== TASK INPUTS ==

····················

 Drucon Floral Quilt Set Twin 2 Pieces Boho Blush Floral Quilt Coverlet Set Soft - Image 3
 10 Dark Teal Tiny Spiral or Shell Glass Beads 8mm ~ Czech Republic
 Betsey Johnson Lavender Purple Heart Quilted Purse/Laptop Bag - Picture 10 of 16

····················

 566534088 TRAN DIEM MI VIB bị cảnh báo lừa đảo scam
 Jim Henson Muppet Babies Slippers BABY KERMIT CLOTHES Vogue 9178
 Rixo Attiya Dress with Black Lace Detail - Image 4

····················

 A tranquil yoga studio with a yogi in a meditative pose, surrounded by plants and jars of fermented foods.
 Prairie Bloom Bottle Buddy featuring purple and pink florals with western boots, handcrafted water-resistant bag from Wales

····················

Return exactly the lines above from the line that has "10 Dark Teal" through the line that has "Betsey Johnson Lavender", inclusive, and nothing else.

== ANSWER ==
 10 Dark Teal Tiny Spiral or Shell Glass Beads 8mm ~ Czech Republic
 Betsey Johnson Lavender Purple Heart Quilted Purse/Laptop Bag - Picture 10 of 16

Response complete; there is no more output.